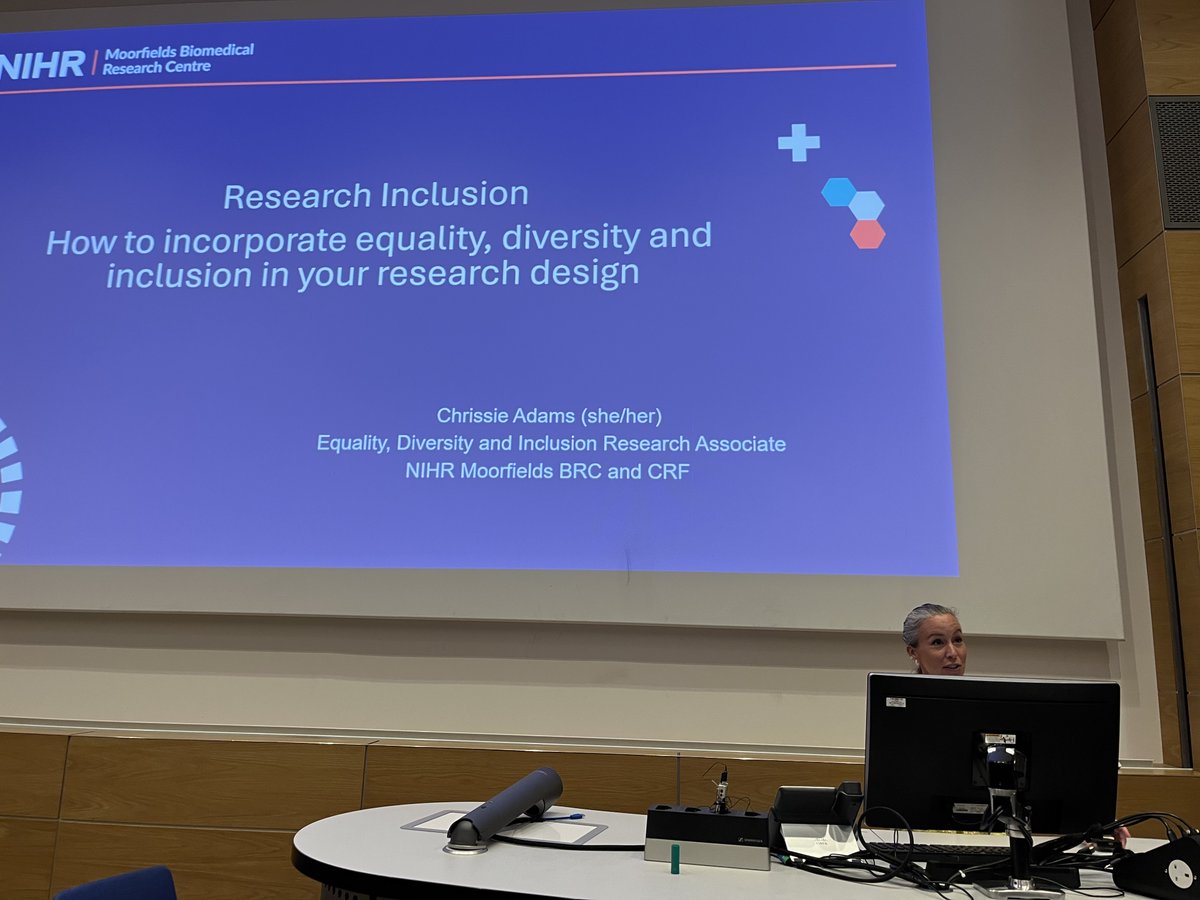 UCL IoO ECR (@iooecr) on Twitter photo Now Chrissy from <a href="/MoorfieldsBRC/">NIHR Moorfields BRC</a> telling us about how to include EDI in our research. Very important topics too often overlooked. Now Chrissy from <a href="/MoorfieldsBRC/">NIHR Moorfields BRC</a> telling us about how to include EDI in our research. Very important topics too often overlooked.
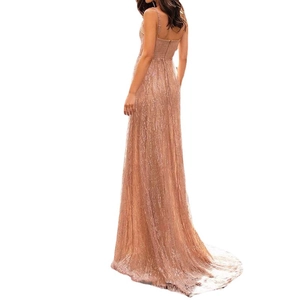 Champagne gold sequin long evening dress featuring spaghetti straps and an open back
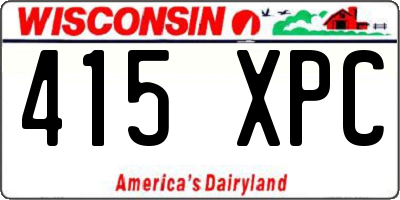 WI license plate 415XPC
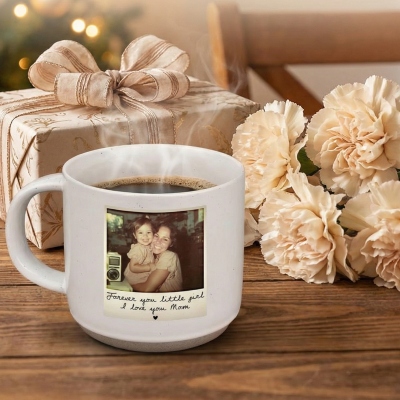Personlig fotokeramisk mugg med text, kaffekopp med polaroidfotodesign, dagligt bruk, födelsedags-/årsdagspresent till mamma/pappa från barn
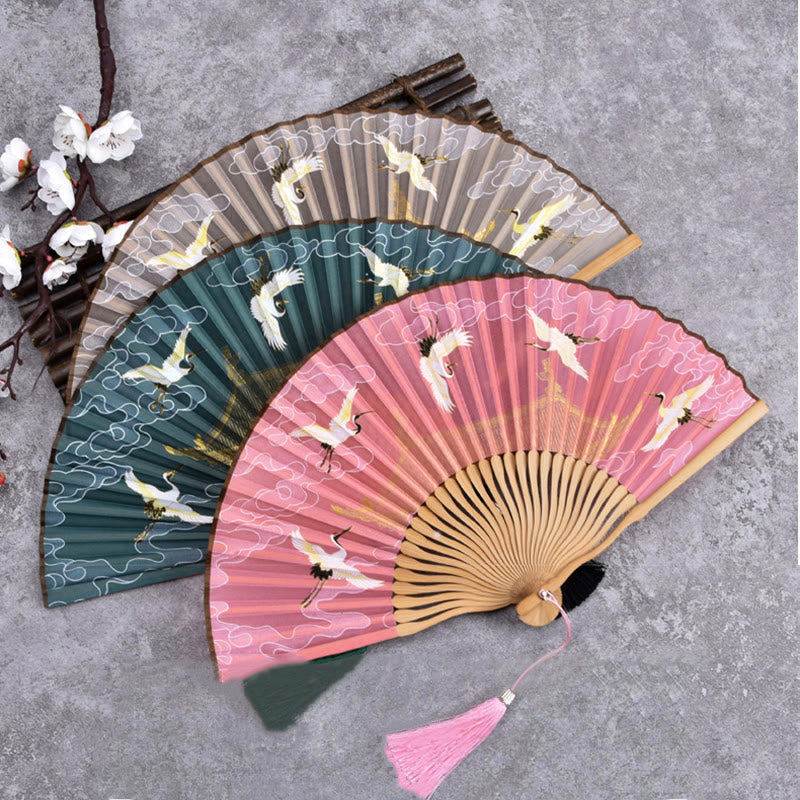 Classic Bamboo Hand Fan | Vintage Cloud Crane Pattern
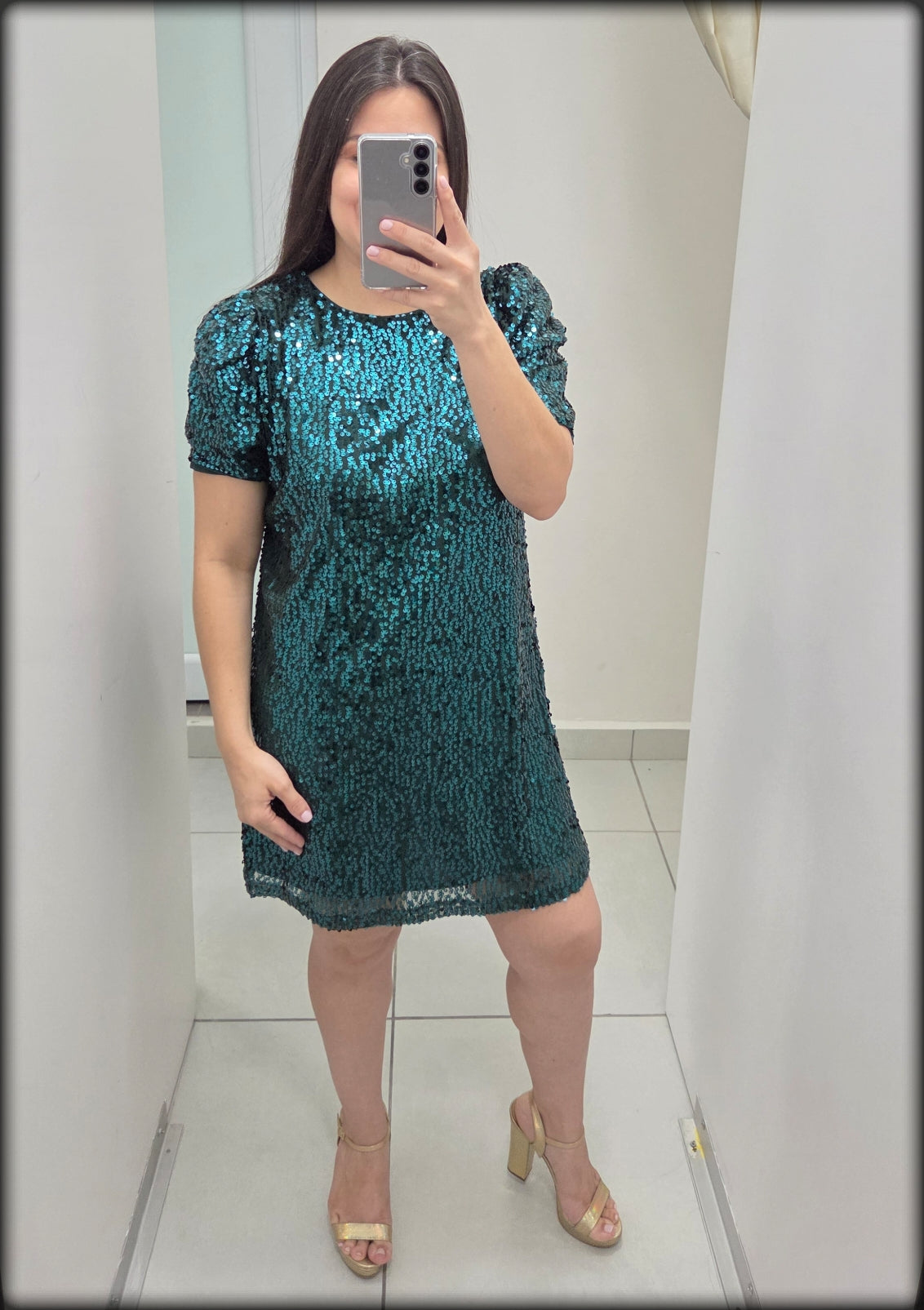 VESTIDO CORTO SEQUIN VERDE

About this task: Output each line of the records exactly. Any picture is skipped.

Result for this exercise:
 UCL IoO ECR (@iooecr) on Twitter photo Now Chrissy from <a href="/MoorfieldsBRC/">NIHR Moorfields BRC</a> telling us about how to include EDI in our research. Very important topics too often overlooked. Now Chrissy from <a href="/MoorfieldsBRC/">NIHR Moorfields BRC</a> telling us about how to include EDI in our research. Very important topics too often overlooked.
 Champagne gold sequin long evening dress featuring spaghetti straps and an open back
 WI license plate 415XPC
Personlig fotokeramisk mugg med text, kaffekopp med polaroidfotodesign, dagligt bruk, födelsedags-/årsdagspresent till mamma/pappa från barn
 Classic Bamboo Hand Fan | Vintage Cloud Crane Pattern
 VESTIDO CORTO SEQUIN VERDE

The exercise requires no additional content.